A while now since I’ve walked on the South Downs – but here’s a memory of the downland in winter – taken from my book Wayfarer’s Dole…
On a frozen day in February I was on the South Downs again, walking up to Rackham Hill from Burpham. The village stands at the end of a lane that is a terminus for motor traffic, but continues in several directions for those on foot or horseback. Burpham’s church was begun in Saxon times, standing hard by the earthen banks of a hill fort.
Whether that was built by Saxons or Danes is subject to much dispute. In the first half of the last century its vicar was Tickner Edwardes, who wrote some delightful books on the countryside and the craft of keeping bees. Burpham is a delightful village. John Ruskin commented that he would live there if Coniston didn’t exist.
I took the lane to High Peppering, passing a herd of bison in a field as I set out. These Downs are covered in antiquities, and a tumulus known as the Burgh was the first on my route. Even in February skylarks danced almost invisibly in the heights, the great sweep of downland alive with their song.
The hillside was a gentle acclivity, just steep enough to make me warm up and breathe in the fresh air. The chalk was frozen hard and slippery, walking had to be done with care. I was following an ancient track, leading up from Burpham and the valley of the Arun the important track that followed the ridge of the higher Downs.
I find it humbling, walking the ways people have journeyed for countless millennia. These tracks, now the recreational delight of walker and rider remain functional – farmers still use them. Sheep are driven here, as they have been since man first farmed the Downs. They grazed beside me, making an occasional sound to add to the singing of the larks. I watched them as the combatants of past wars, the pedlars, the pilgrims and other travellers of times gone must have done.
There is a timelessness about so much of our countryside, as though you could glance sideways and see history relived all around. In a sense you can, for the traces of the past are everywhere. Within view of these old tracks are prehistoric flint mines, field systems and burial mounds. An hour’s wandering brought me to Rackham Banks, an immense earthwork of deep trenches and mighty ramparts. Its purpose is debatable, but as I sat there in a freezing breeze I could not help but consider how much work was involved in the construction.

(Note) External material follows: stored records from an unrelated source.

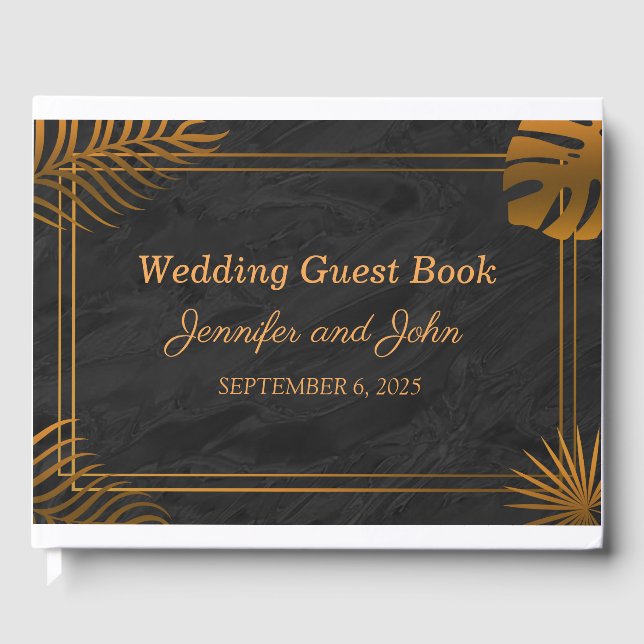 Gold Leaves and Geometric Frame Tropical Wedding Guest Book (Front)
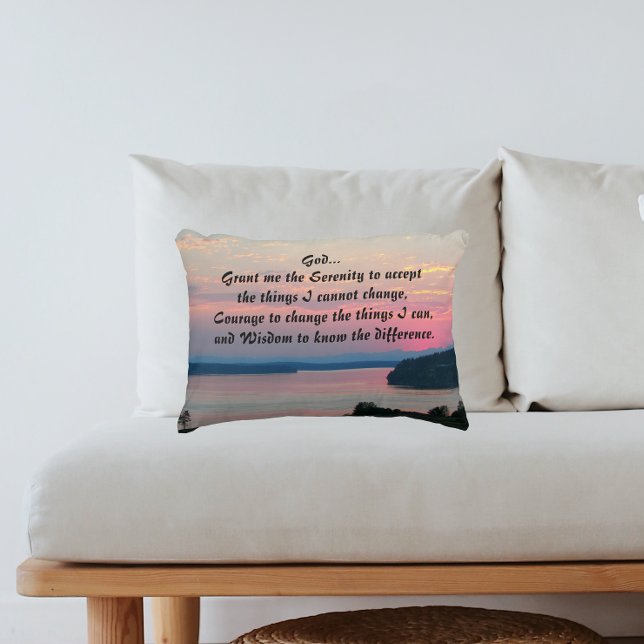 Serenity Prayer Pink Seascape Sunset Foto Decoratief Kussen (In Situ)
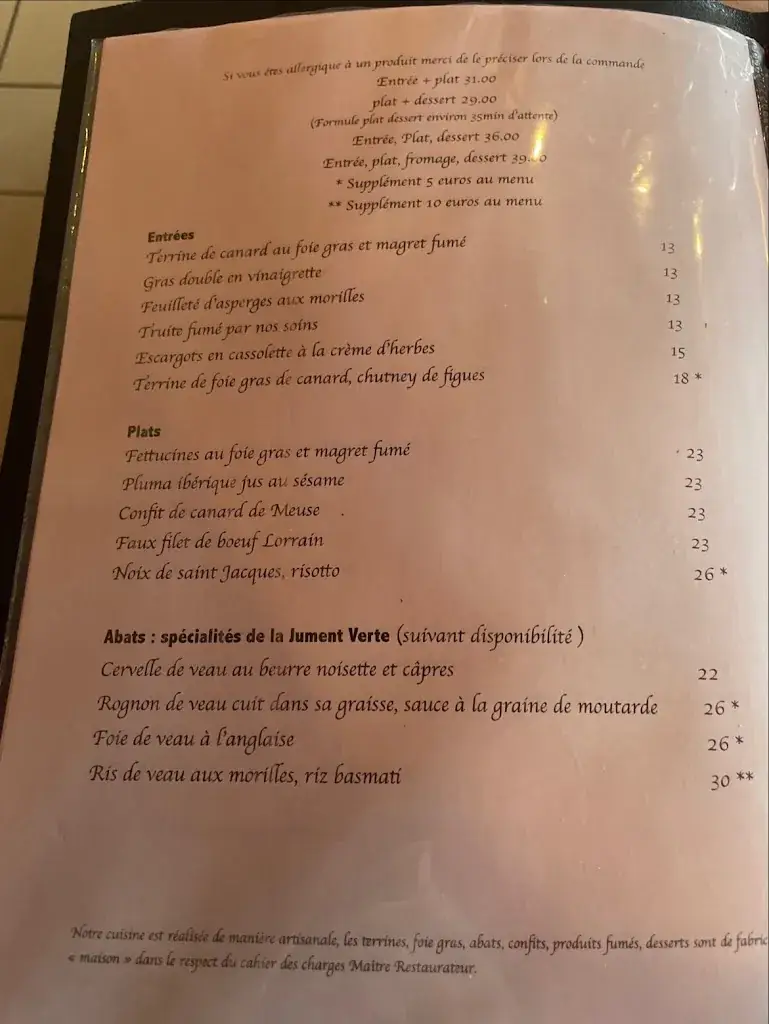 Menu_Auberge De La Jument Verte_Villey-le-Sec_image_1
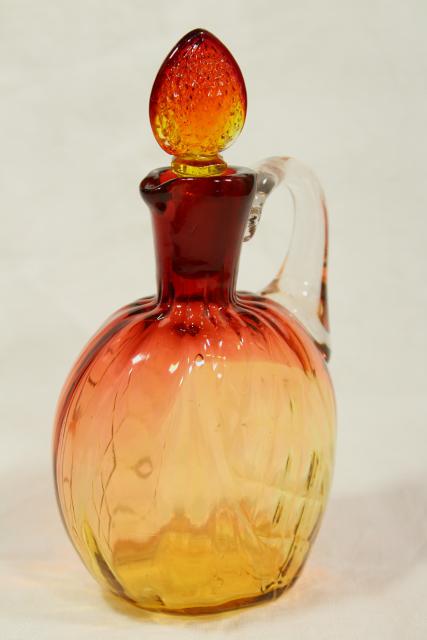 photo of vintage amberina glass cruet bottle with strawberry stopper, antique or reproduction? #1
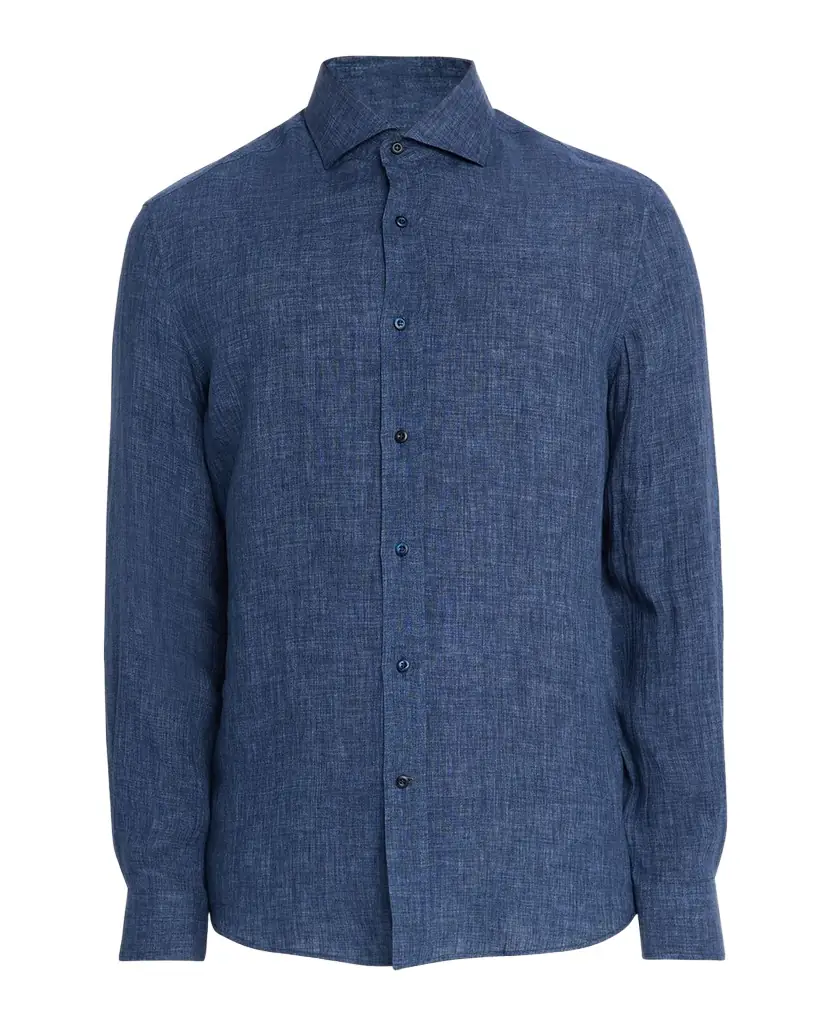 Brunello Cucinelli Men 's Linen Spread Collar Button-Down Shirt | Image 1 Brunello Cucinelli Men 's Linen Spread Collar Button-Down Shirt | Image 1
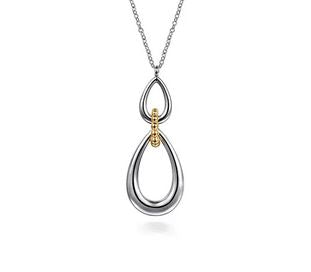 925 Sterling Silver And 14k Yellow Gold Bujukan Teardrop Necklace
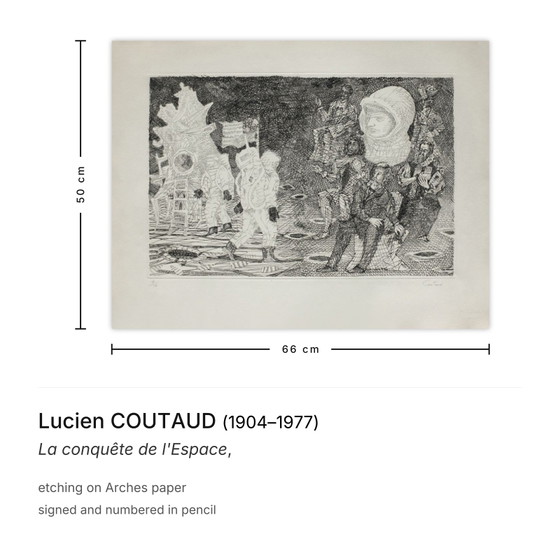 Lucien COUTAUD Signed Etching La Conquête De L'Espace – Lithographies et sérigraphies, Paper (photo 3 of 5)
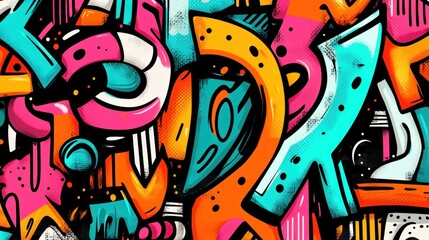 Abstract Graffiti Art: A vibrant explosion of colors and shapes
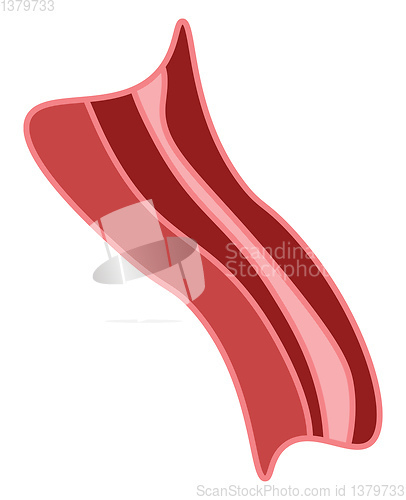 Image of A pink bacon, vector color illustration.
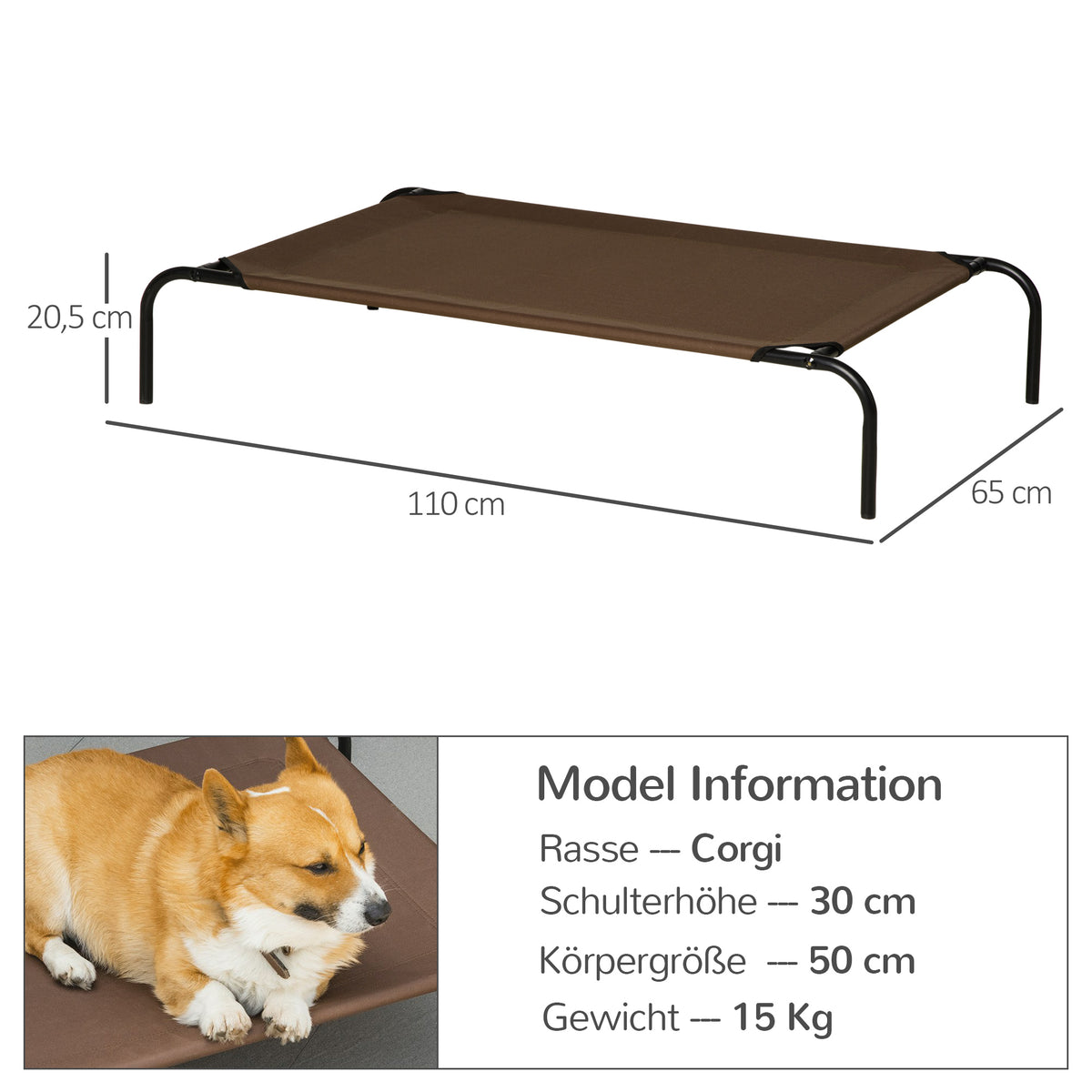 Hundebett Outdoor Hundeliege Katzenbett Haustierbett Schlafplatz mit Ersatzbezug 110 x 68 x 20 cm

The slight haze from the early frost had lifted. I could see for many miles. Amberley Wild Brooks were flooded, offering an irregular silver sheen in the plain at the foot of the hill. In another direction were the downs and borstals of Arundel Park, white with ice. A herd of Friesian cattle huddled together out of the wind on the leeward slope of Amberley Mount.
Tearing myself away I climbed on to the ridge path running over Rackham Hill, now part of the South Downs Way national trail. Despite a height of just a few hundred feet it seemed as though I was on top of the world. And in a sense I was for every trace of the stress which comes with everyday living had vanished.